======== Data for processing ========
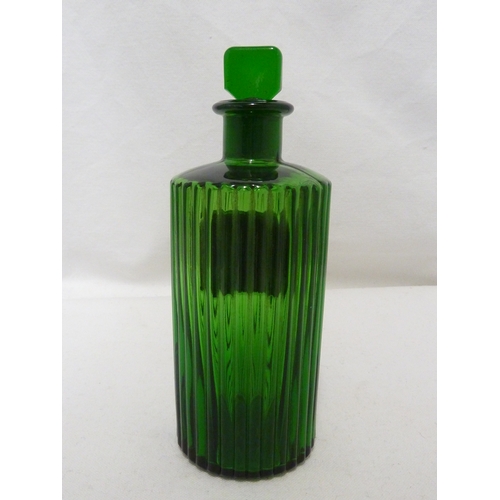 170 - A green glass pharmacy bottle, labelled ACET. CANTHAR., 17cm high.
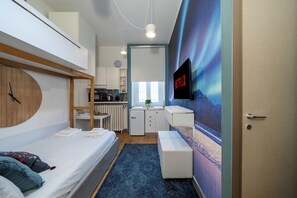 Basic-Dreibettzimmer | Zimmersafe, Bügeleisen/Bügelbrett, kostenloses WLAN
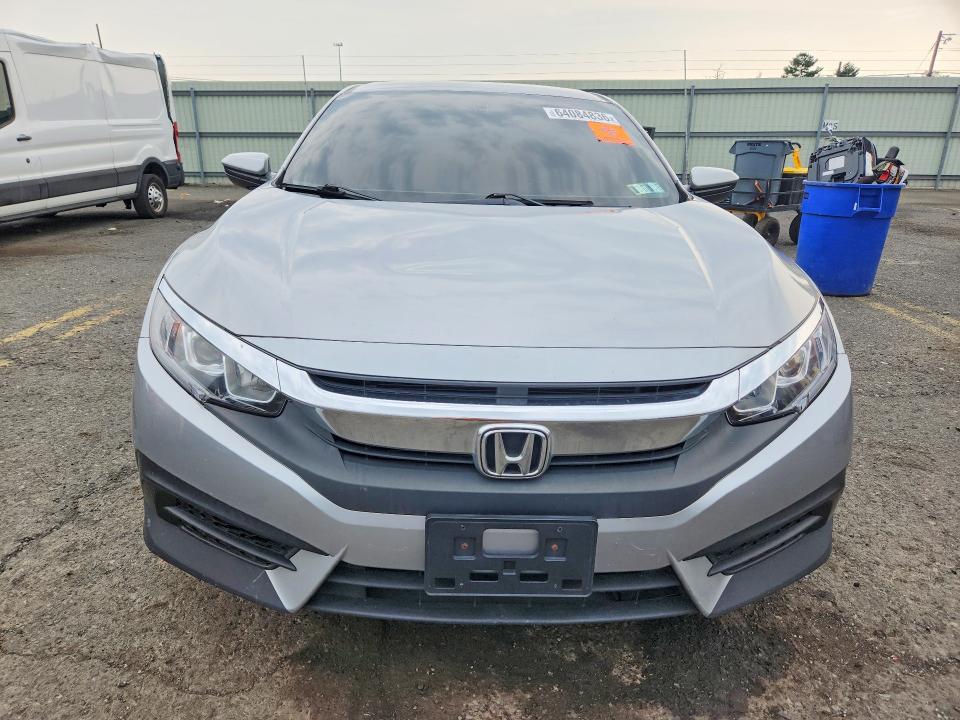 Photo 5 from auction – 2017 HONDA CIVIC with VIN 2HGFC2F59HH543078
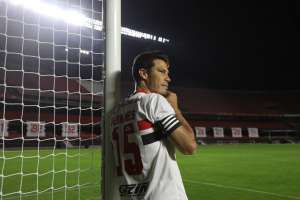 Em vídeo comovente, Hernanes dá adeus ao São Paulo: 'Meu amor por vocês é eterno'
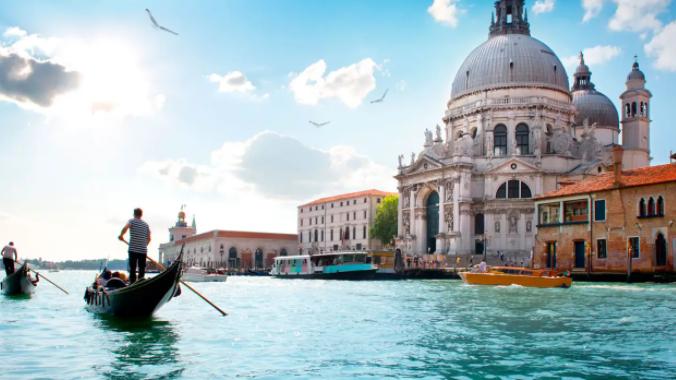 |意大利，有着优越的地理位置和旅游条件，是世界闻名的旅游大国
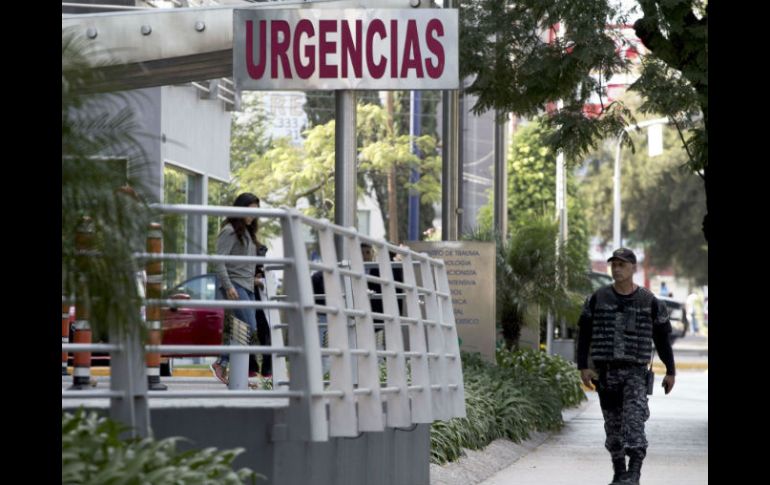 González Valencia convalece en un hospital particular de la Avenida Lázaro Cárdenas. AFP / H. Guerrero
========
● **Activity**:
Please print everything in the material exactly, apart from the pictures.

● **Finished task**:
 170 - A green glass pharmacy bottle, labelled ACET. CANTHAR., 17cm high.
 Basic-Dreibettzimmer | Zimmersafe, Bügeleisen/Bügelbrett, kostenloses WLAN
 Photo 5 from auction – 2017 HONDA CIVIC with VIN 2HGFC2F59HH543078
 Em vídeo comovente, Hernanes dá adeus ao São Paulo: 'Meu amor por vocês é eterno'
 |意大利，有着优越的地理位置和旅游条件，是世界闻名的旅游大国
 González Valencia convalece en un hospital particular de la Avenida Lázaro Cárdenas. AFP / H. Guerrero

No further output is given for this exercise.